From the entries below, determine the number of lines that contain "Rose". Give that number by itself.

[Source material]

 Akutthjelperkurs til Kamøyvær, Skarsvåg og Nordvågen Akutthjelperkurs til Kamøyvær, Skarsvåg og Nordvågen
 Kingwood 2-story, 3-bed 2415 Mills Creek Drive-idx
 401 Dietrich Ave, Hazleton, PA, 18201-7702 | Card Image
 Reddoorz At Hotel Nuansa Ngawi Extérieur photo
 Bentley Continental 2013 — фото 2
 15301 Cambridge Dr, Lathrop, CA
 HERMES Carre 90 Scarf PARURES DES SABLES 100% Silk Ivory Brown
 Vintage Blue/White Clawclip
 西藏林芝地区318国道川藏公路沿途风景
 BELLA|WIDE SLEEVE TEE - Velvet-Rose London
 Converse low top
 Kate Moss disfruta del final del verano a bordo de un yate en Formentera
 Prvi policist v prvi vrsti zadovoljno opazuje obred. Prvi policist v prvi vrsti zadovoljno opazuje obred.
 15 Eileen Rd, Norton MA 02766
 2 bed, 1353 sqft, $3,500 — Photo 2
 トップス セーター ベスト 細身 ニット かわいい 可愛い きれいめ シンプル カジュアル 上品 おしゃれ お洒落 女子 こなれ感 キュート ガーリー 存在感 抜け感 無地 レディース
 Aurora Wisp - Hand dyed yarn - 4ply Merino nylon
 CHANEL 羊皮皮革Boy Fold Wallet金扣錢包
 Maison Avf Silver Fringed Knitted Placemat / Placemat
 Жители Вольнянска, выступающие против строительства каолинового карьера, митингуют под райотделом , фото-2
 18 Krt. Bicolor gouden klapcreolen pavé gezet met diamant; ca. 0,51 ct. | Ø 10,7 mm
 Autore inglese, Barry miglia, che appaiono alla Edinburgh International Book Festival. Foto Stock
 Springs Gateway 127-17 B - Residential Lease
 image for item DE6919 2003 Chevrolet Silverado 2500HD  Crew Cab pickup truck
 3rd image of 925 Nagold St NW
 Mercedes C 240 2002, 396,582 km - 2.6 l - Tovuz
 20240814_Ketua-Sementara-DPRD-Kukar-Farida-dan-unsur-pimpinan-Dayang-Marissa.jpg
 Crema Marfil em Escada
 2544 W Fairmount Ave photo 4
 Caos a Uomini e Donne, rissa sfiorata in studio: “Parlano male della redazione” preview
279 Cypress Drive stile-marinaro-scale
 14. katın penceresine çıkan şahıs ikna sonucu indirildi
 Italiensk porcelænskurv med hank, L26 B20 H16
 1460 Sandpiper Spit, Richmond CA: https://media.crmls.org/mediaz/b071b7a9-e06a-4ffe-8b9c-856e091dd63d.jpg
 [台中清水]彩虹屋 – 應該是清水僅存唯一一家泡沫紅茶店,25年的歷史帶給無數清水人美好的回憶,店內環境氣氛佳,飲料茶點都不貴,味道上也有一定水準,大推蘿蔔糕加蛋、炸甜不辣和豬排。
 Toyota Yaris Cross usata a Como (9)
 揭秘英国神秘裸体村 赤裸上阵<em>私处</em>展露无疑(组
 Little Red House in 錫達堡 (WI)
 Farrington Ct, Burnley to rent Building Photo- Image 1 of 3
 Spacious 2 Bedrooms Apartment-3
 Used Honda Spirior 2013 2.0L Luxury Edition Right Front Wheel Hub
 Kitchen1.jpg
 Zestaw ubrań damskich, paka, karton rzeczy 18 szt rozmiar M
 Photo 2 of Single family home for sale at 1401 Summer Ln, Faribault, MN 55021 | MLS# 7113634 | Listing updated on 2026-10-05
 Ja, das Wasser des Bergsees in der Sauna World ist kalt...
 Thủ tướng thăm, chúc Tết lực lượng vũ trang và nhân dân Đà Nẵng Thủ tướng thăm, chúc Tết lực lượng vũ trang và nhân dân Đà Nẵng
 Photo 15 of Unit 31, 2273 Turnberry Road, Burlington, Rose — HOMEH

[/Source material]

**Solution to the problem**.
2